■ **WHAT IS NEEDED**: This exercise calls for an exact copy of the listing, with no pictures kept.

┌─ MATERIAL PROVIDED

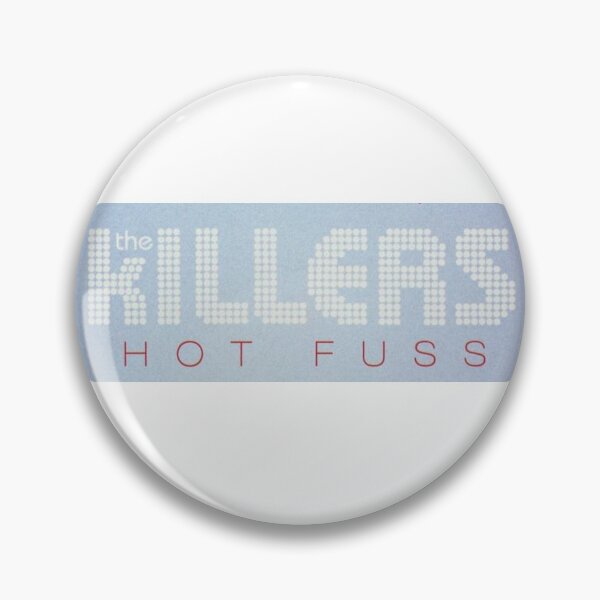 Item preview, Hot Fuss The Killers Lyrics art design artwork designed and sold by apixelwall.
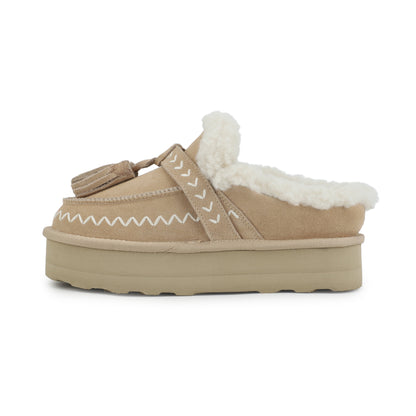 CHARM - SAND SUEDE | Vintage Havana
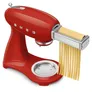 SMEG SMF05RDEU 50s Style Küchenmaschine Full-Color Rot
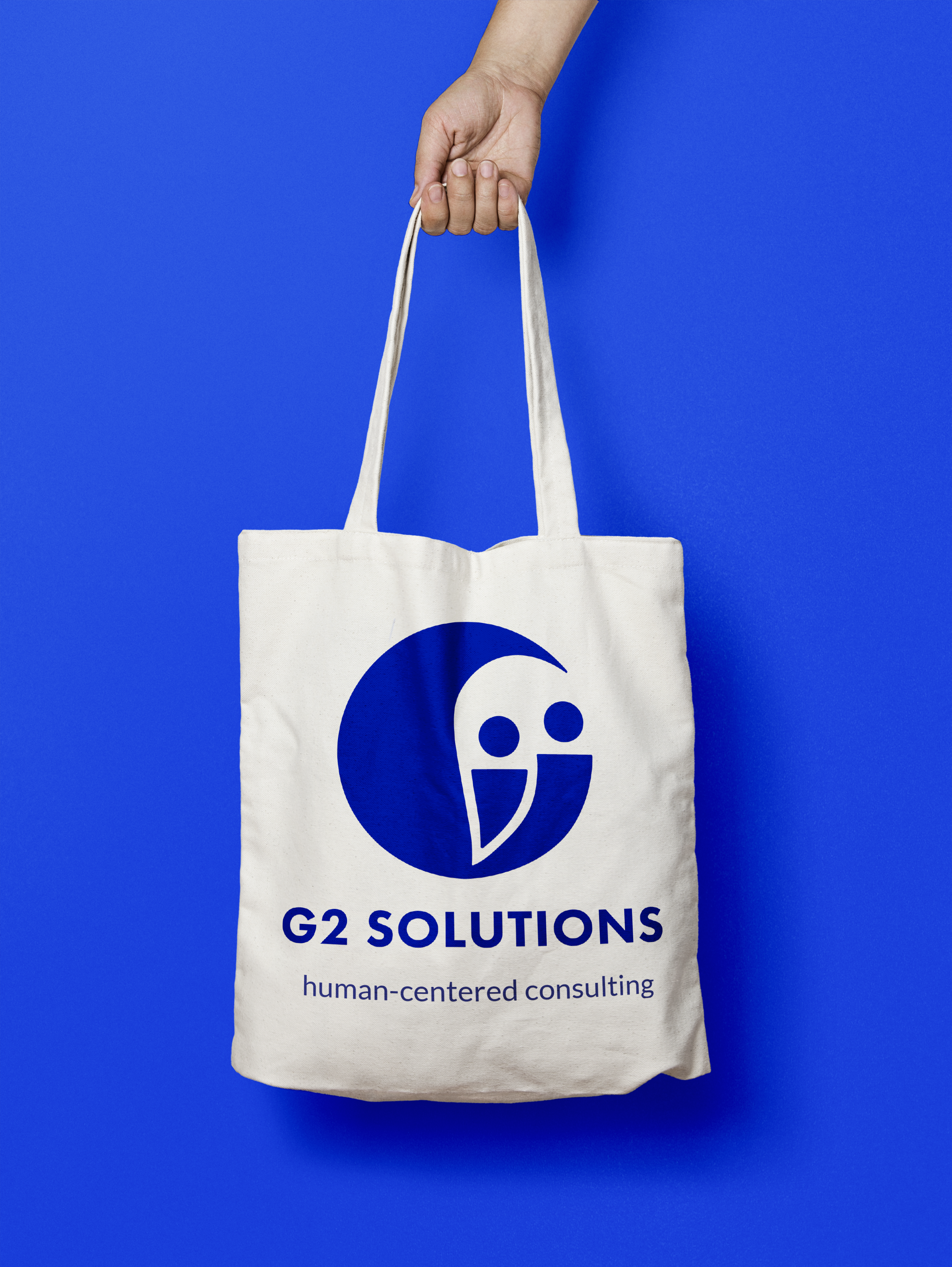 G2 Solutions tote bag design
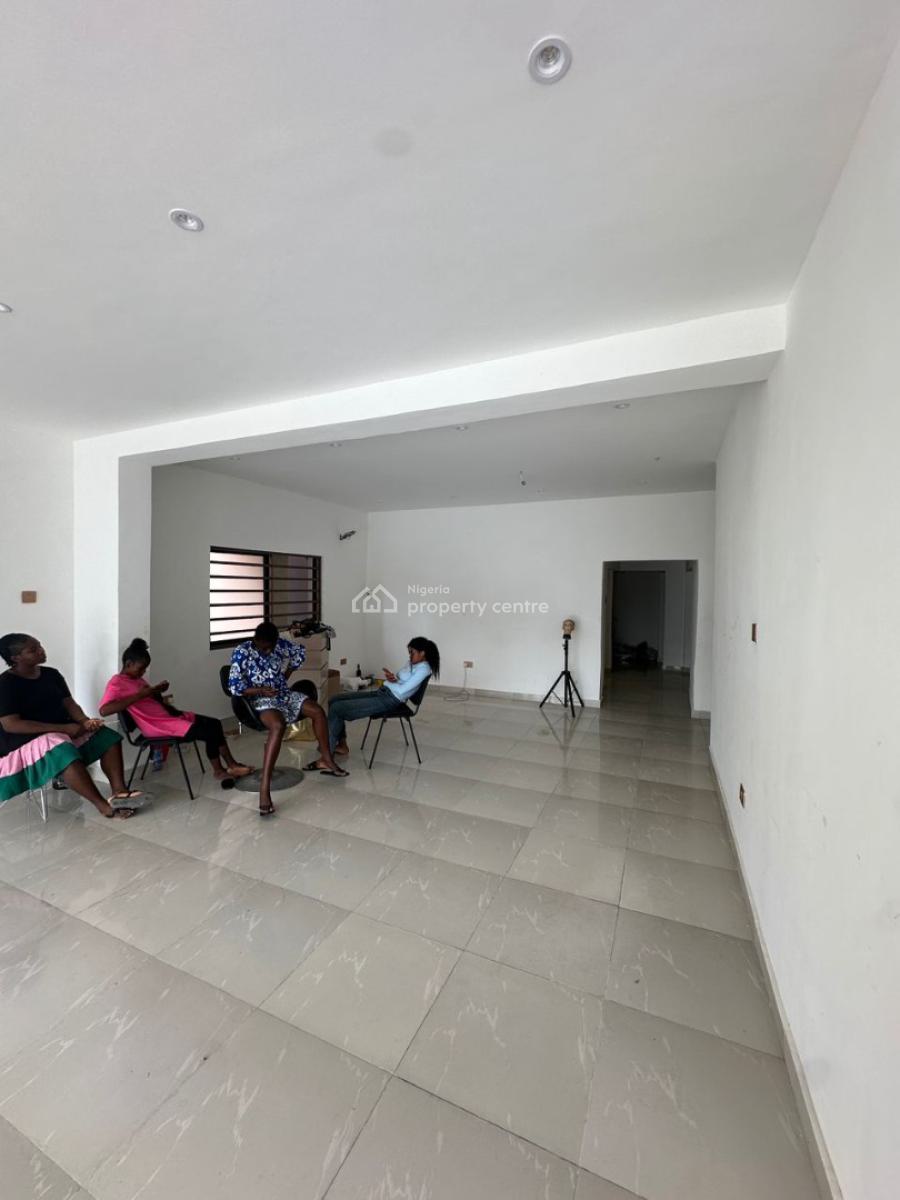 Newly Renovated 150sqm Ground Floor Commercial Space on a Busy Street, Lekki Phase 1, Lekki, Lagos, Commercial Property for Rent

└─

■ **WRITTEN RESPONSE**:
 Item preview, Hot Fuss The Killers Lyrics art design artwork designed and sold by apixelwall.
 CHARM - SAND SUEDE | Vintage Havana
 SMEG SMF05RDEU 50s Style Küchenmaschine Full-Color Rot
 G2 Solutions tote bag design
 Newly Renovated 150sqm Ground Floor Commercial Space on a Busy Street, Lekki Phase 1, Lekki, Lagos, Commercial Property for Rent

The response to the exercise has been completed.